Woodstoves or, as they prefer to be known, the Household Gods

The first whiff of Spring is in the air.

Here in rural Brittany it usually takes the form of pig manure.

At last my woodstoves lie dark and unlit for a couple of days at a time, and I wonder whether I am able to consider my relationship with them dispassionately.

I doubt it.

The power balance is too skewed in their favour.

My mixed feelings date back to the late nineteen sixties when I remember the installation of electric fires and central heating in our Croydon terrace, and my mother’s delight: no mess; no more scrunching up bits of newspaper and folding them into little nuggets; an end to putting sheets of paper over the fireplace and lying on the floor, blowing desperately to get the fire going.

Winter in Brittany, forty years later, and my childhood is revisited. Conversation generally turns around wood and wood stove lore, especially with new acquaintances. Is your stove well enough sealed to last the night when damped down, thus avoiding the chilly early morning hunt for kindling? Is your chimney on the correct side of the house, and the right length, to avoid wind problems and smoking “blow back”, which causes the hapless, choking householders to race to open windows and doors, rather counteracting any eventual warming effect?

And then, of course, there is your wood supply. The size of a man’s wood pile in Brittany seems to equate with the number of camels he might have in a warmer climate, when it comes to social status. Our neighbour Monsieur M has an enormous stack, carefully organised into different sizes with a precision rarely seen apart from households with obsessive compulsory disorders, or the early retired. There are still many things that can go wrong, even if you do have enough wood. It might not be dry enough, which can aggravate the smoking problem. Or the log might be just too big to close the lid, which you find out after you have put it in the stove which is going at full pelt. So then you have to take it out again, while it is burning, and find somewhere safe to put it…

Oh yes, and kindling. Somehow there never seems to be enough kindling. And for some reason I tend to select the logs with knots that bounce the axe off at odd angles when I try to chop them. I still have all my fingers and toes but there have been a few close shaves.

We have two woodstoves in our house, both with very different characters.

There is the moody big boy in the living room, which is a turbo charged model DEOM PM4. “Turbo” means that there are two holes in the top, one attached to an internal tube, and when you open them both, the effect is a vastly amplified version of the paper over the fireplace. It is possible for the unwary to set fire to chimney, roof and anything else attached to them, if the wood is of unexpectedly good quality and you have the temerity to go off and do something upstairs in the office for five minutes. The exit pipe becomes red hot, and then the smell of the metal alerts the household.
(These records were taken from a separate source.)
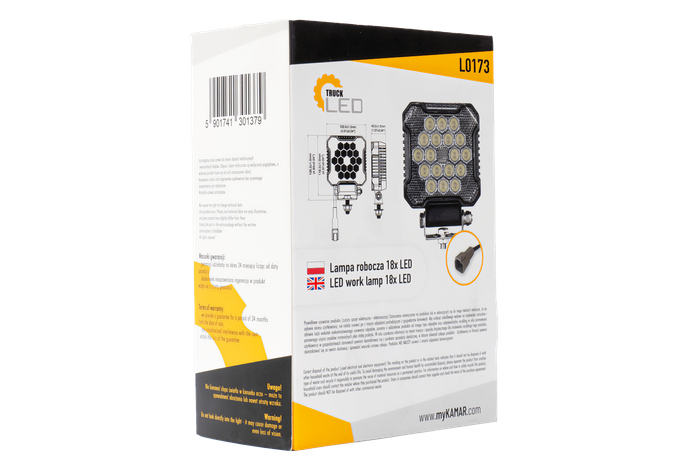 Φως εργασίας LED TruckLED L0173 18xLED 2800lm DT σύνδεσμος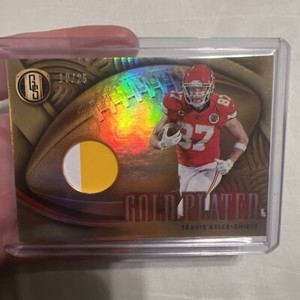 Travis Kelce Gold Plated 10/25 2022 Panini Gold Standard GP-TKE KC Chiefs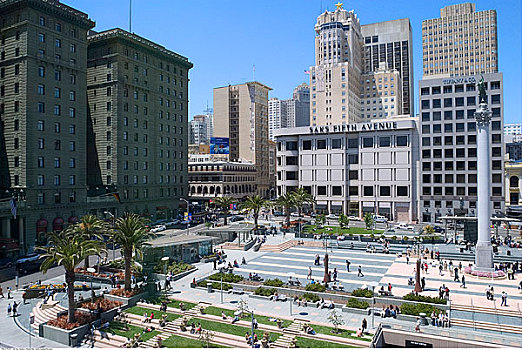 联合广场,旧金山,加利福尼亚,美国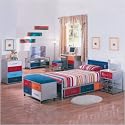 Furniture online: Gridley Multi Colored Twin Bed Set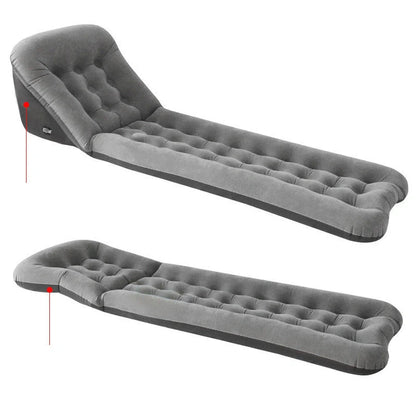 Automatic Air Mattress Camping Bed with quick inflation feature, dark blue and grey options available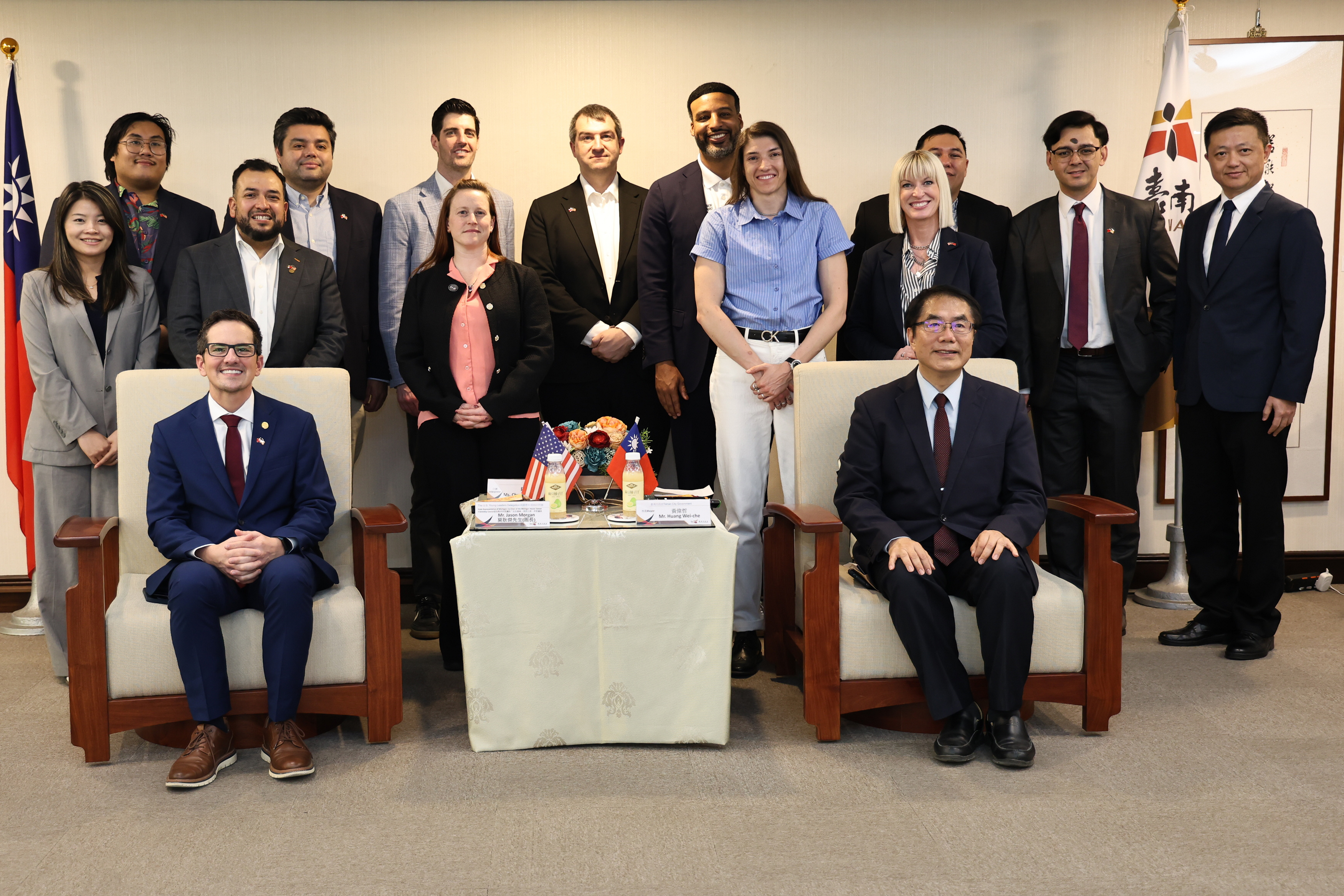 美國州政界青年領袖訪台南 黃偉哲分享地方治理經驗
Of course, if the wood is a bit damp and not touching in exactly the right way, or not quite the right size, the fire will go out even if the turbo is on maximum

The greedy little old Rosieres 10276 in the kitchen has an oven built in. My sweet husband likes to make bread in it. There is a washing line to dry clothes over it, which works fine when he is making bread. I like that smell in my clothes. Beef Bourguignon is less attractive as a perfume.

When it gets very cold we keep the two going at once. The kitchen woodstove is quite small, so, frequently, the wood doesn’t fit. Because it is small it has the most rapacious appetite for wood and you feel like Casey Jones endlessly stoking the boiler, since it can only be left for 15 minutes at a time when it is fully open. Also, it won’t overnight because it won’t damp down sufficiently to exclude enough air.

Wood stoves demand more attention than children and dogs put together, but it is wonderfully comforting when the house is toasty warm and they are roaring away at full blast.

Summer arrives, and Brittany becomes glorious, a lush green paradise.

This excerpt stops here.